After a terrible parting with her father and arriving in a foreign land she was horrified to learn that she would have to be sold if she wanted to keep her family safe from being repatriated into North Korea.

Despite being sold to a man for £500 her brother was deported and as a defector was very likely to have been sent back to one of the prison camps which litter the country.

It’s been 15 years since then and Ji-hyun hasn’t had any news of him.

For the next six years however, Ji-hyun and her mother and sister were able to stay in China living under constant fear that they might be reported to the Chinese authorities and sent back to North Korea.

During this period Ji-hyun gave birth in isolation to a baby boy she named Chol, meaning Iron.

But in 2004 she was reported to the authorities and was torn from her 6-year-old son and repatriated into a North Korean gulag.

It was the last time she saw her mother and sister.

Back in her homeland she was humiliated and forced to work all hours of the day – learning party songs and chants by night.

It was only back in North Korea that it dawned on Ji-hyun that the regime in the country of her birth was oppressive and that she had been brainwashed. She said: “That was the first time I realised that everything was a lie.”

When she was released from the prison camp after contracting tetanus in her leg she had no option but to get traffickers to take her to China again.

After much heartache Ji-hyun managed to get in touch with her son and they undertook a journey to cross the border into Mongolia in a desperate bid to avoid being deported again.

Her perilous attempt to leave China was only saved when a man helped her and her son to cut the high wire fencing which marches round the border between the two countries.

She later fell in love with the man who saved her and her six-year-old and she and her now husband Kwang Joo are still together today.

But after three days in Mongolia without water, food or a sight of another human being the three of them faced returning to China yet again.

Explaining why they decided to go back to the country they had just managed to escape from Ji-hyun said: “If we died in Mongolia no one would know. “If we died in China or if I was repatriated into North Korea I thought maybe someone would take care of my son.”

Another three long years went by in China before Ji-hyun, Kwang Joo and Chol made it to the UK.

It was 2008 and they were granted British citizenship in a swift but agonising four months.

Ji-hyun said: “I just cried and cried, in China I had no ID card, I lost my family so I just cried and said thank you very much, thank you very much.”

Nowadays when she looks back at her life and sees what Kim Jong-un is doing she is angry and dumbfounded.

She said: “I can’t say any words, sometimes reading the news I think, this is my country, my home town. Wow.”

Ji-hyun described to the SNJ how the first time she felt happiness was in 2010 two years after her family arrived in England.

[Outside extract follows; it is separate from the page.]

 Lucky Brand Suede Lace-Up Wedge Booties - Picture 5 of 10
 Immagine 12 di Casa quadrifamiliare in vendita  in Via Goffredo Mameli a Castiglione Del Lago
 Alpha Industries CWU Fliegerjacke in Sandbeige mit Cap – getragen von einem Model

She said: “I was sitting round the table with my family and my children were smiling and talking about how school was going.”

Previously her understanding of what happiness felt like was centred on making “the leader” happy as he had the status of a deity.

It was four years after they came to the UK in 2012 when Chol asked his mother why she had deserted him to go back to North Korea.

When Ji-hyun had been repatriated the authorities had told her son that she had abandoned him.

Her son’s question was a defining one for Ji-hyun. She said: “It is not only my son’s question; it’s all the other North Korean children who are now separated with their parents.

“So I started this work for all the other North Korean mothers out there.”

Since then she has been working as an outreach and project officer for the European Alliance for Human Rights in North Korea.

On Thursday, May 7 calling it “a day I will remember for the rest of my life” Ji-hyun voted in the UK general elections.

Ji-hyun now lives in Manchester with her three children and husband. Chol is 16-years-old and is taking his GCSEs.